On Monday night, the Trump administration announced that it would take the unprecedented step of officially labeling China a currency manipulator, once again escalating the trade war between Washington and Beijing that has thrown global markets into turmoil.
This is an idea that American politicians have talked about for ages, but no U.S. president has ever been willing to move forward on. At one time, it might have marked the beginning of a dramatic confrontation between the world’s two top economic powers. But the timing now is a bit silly, as it’s been years since China actually fit the typical definition of a currency manipulator, and calling it one today probably won’t change much about the trade battle that’s already underway. More than anything, it’s a fairly low-stakes rhetorical move in a high-stakes economic showdown.
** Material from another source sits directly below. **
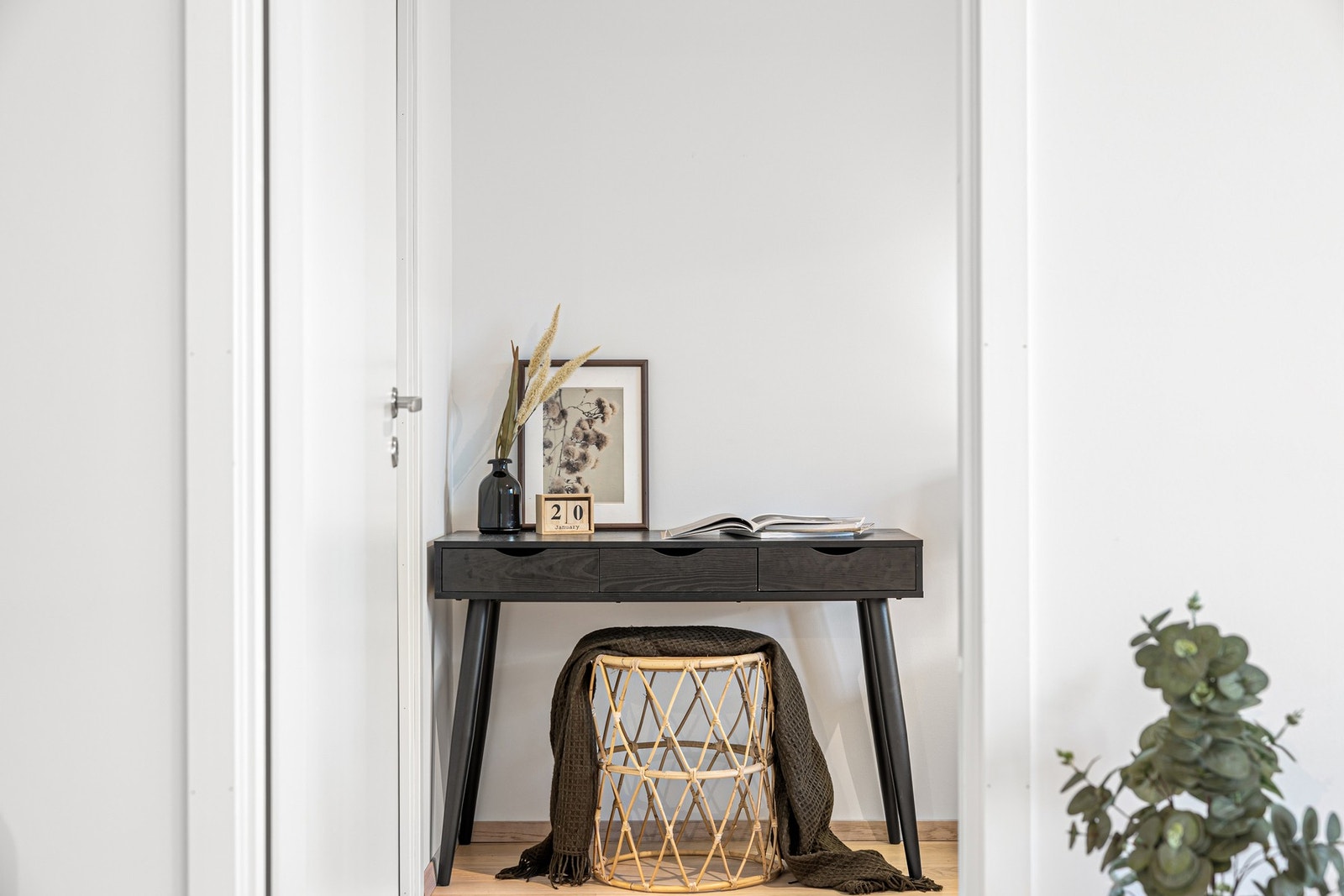 Detaljbilde av pult på hovedsoverom. Galleribilde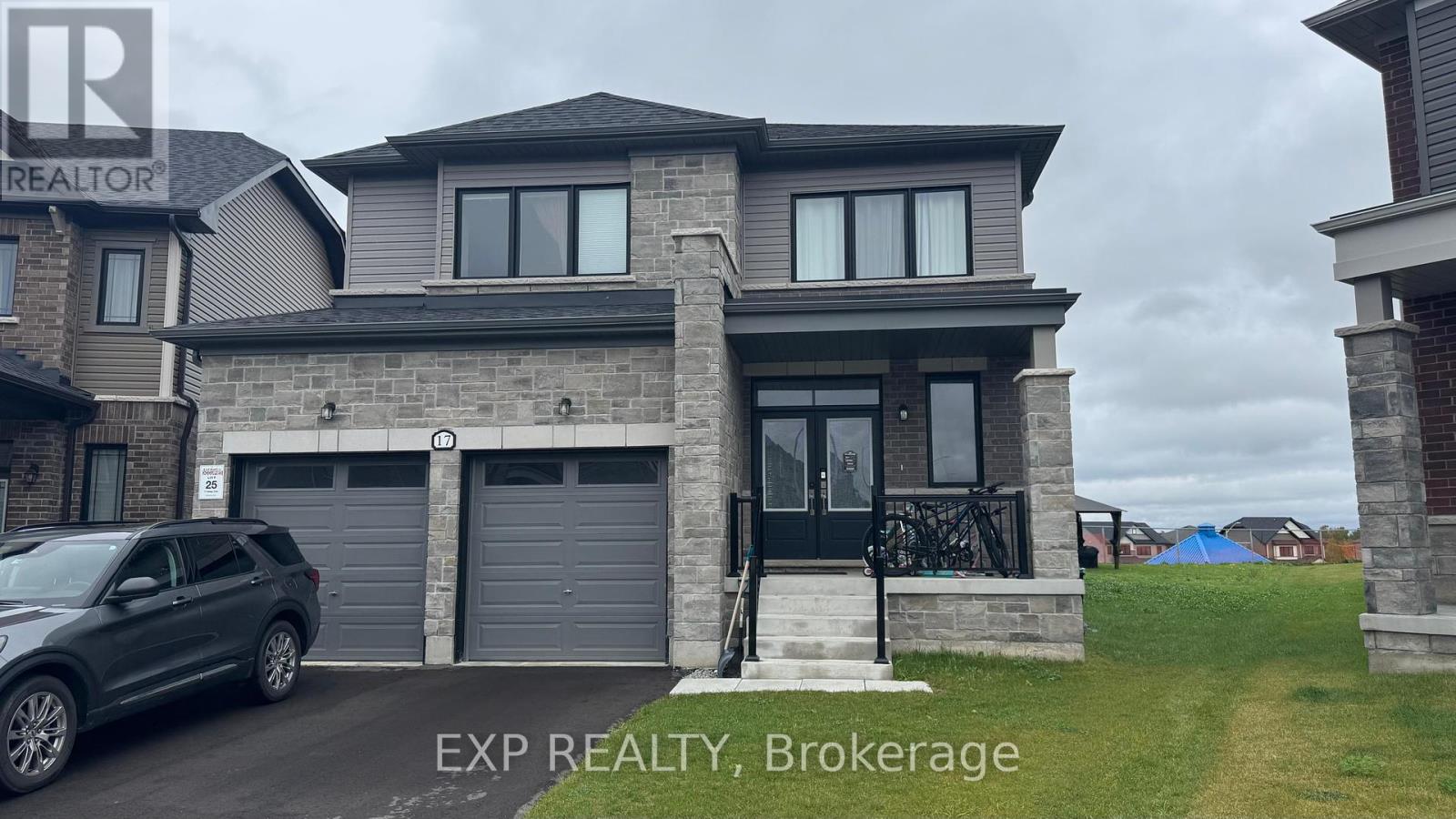 17 Abbey Crescent, Barrie, Ontario  L9J 0W9 - Photo 1 - S12452422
When economists say a country is manipulating its currency, they usually mean that its government is systematically tinkering with exchange rates in order to gain an unfair advantage in trade. At one time, that described the Chinese government’s policy pretty well. Through much of the early and mid 2000s, Beijing purposely kept its currency, the renminbi (aka the yuan), cheap in order to boost its exports. Officials did this by buying mass quantities of U.S. Treasury bonds in order to push up the relative value of the dollar. It was during this period that labeling China a currency manipulator became a popular rallying cry among U.S. labor activists and trade-skeptical politicians, including our current president.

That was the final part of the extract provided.